Take the line that contains "Used Hyundai i10" and each line after it to the end of the data below, and set them down exactly, omitting pictures.

[[ Material for this exercise, beginning ]]

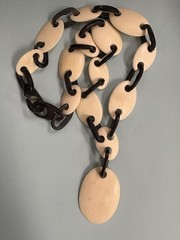 MOOMOO NECKLACE HORN & BONE LINKS Carved Clasp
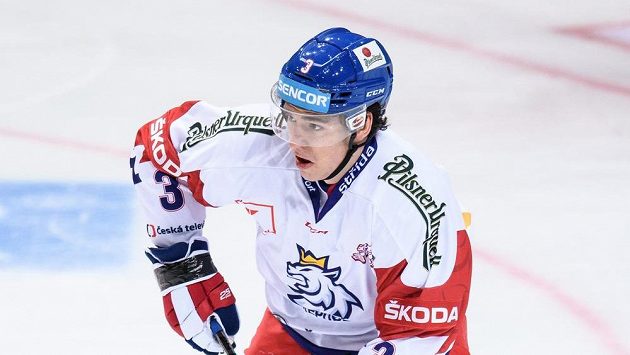 Obránce Libor Hájek v reprezentačním dresu na Českých hokejových hrách. Obránce Libor Hájek v reprezentačním dresu na Českých hokejových hrách.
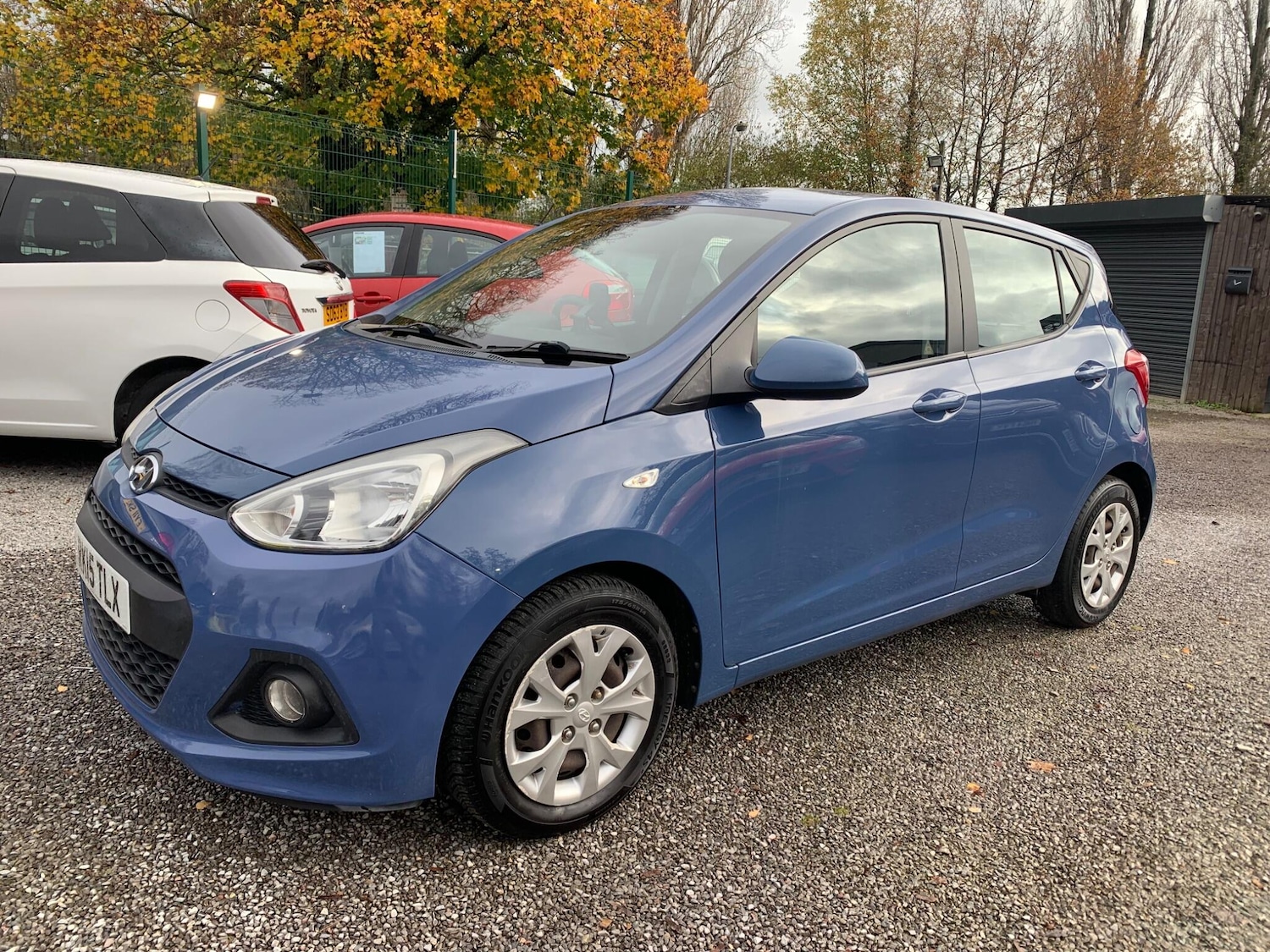 Used Hyundai i10 2015 for sale - 76607610: Photo 1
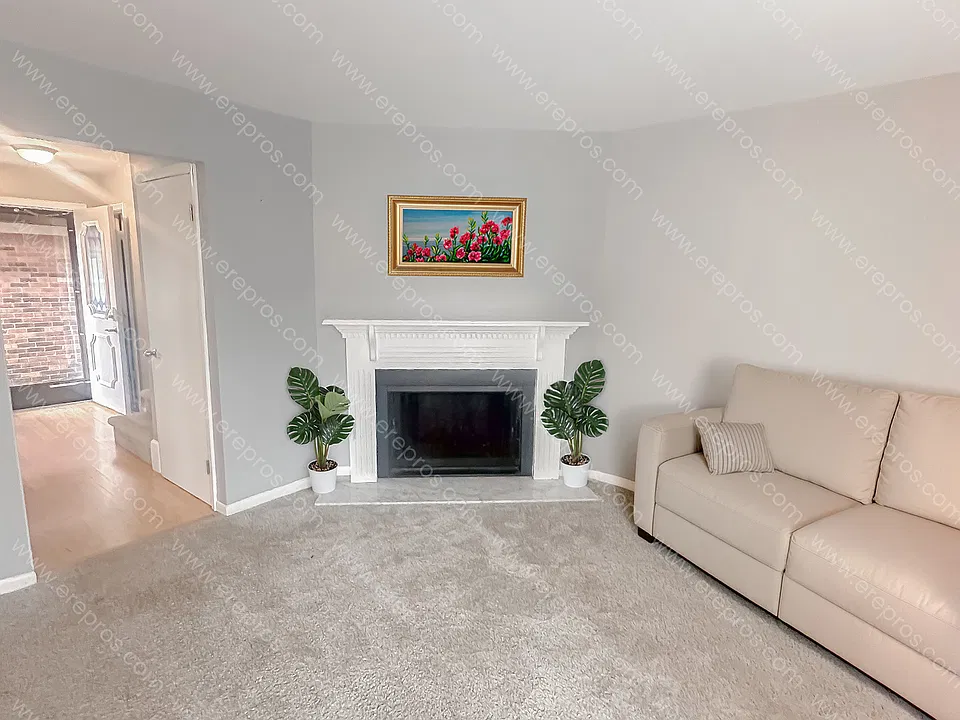 8494 Pepper Ridge Dr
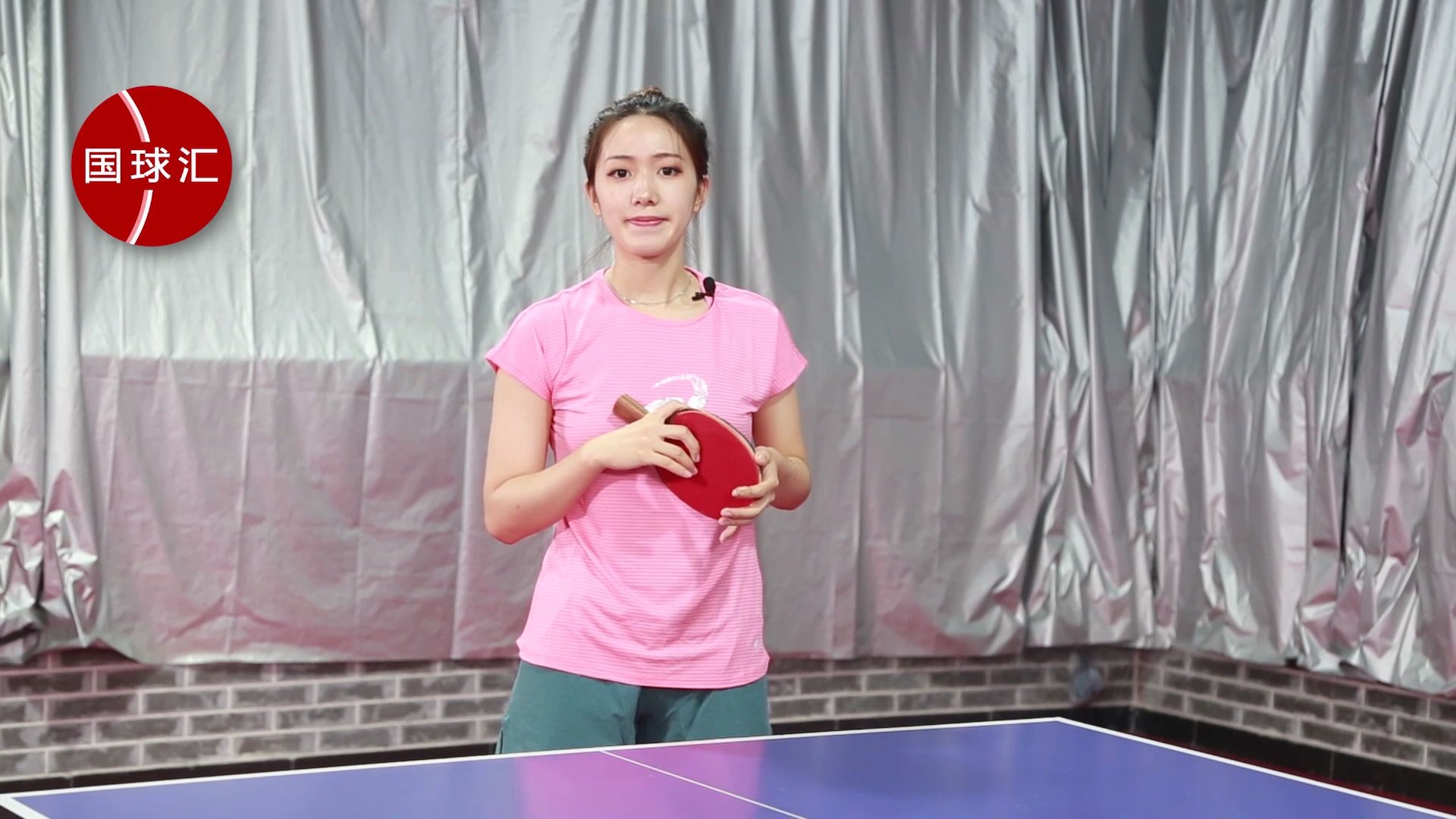 摆短两跳不出台劈长直接顶怀里小姐姐功力太深娇娇学乒乓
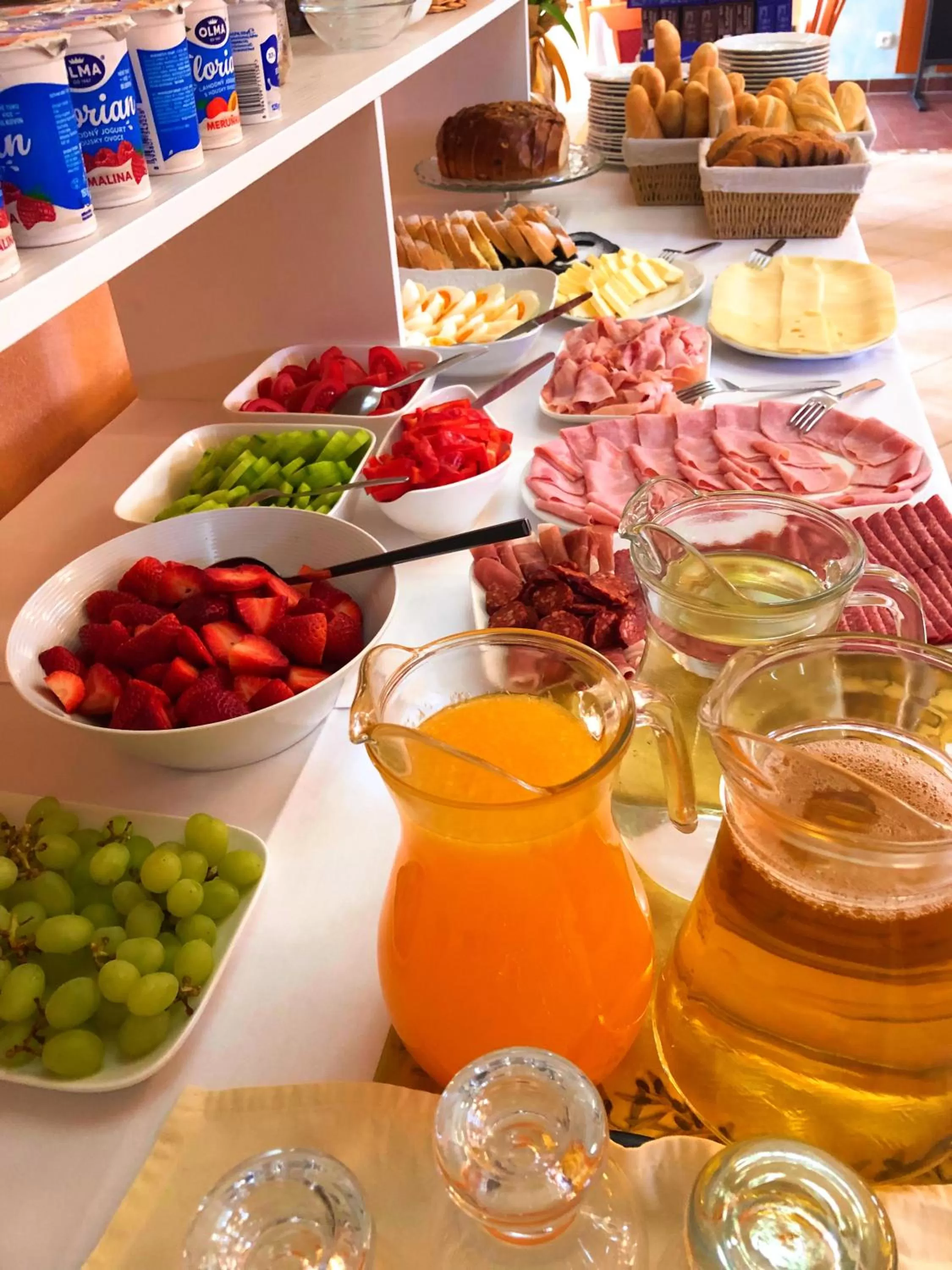 Food and drinks in Hotel Karolina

[[ Material for this exercise, end ]]

### Reply
 Used Hyundai i10 2015 for sale - 76607610: Photo 1
 8494 Pepper Ridge Dr
 摆短两跳不出台劈长直接顶怀里小姐姐功力太深娇娇学乒乓
 Food and drinks in Hotel Karolina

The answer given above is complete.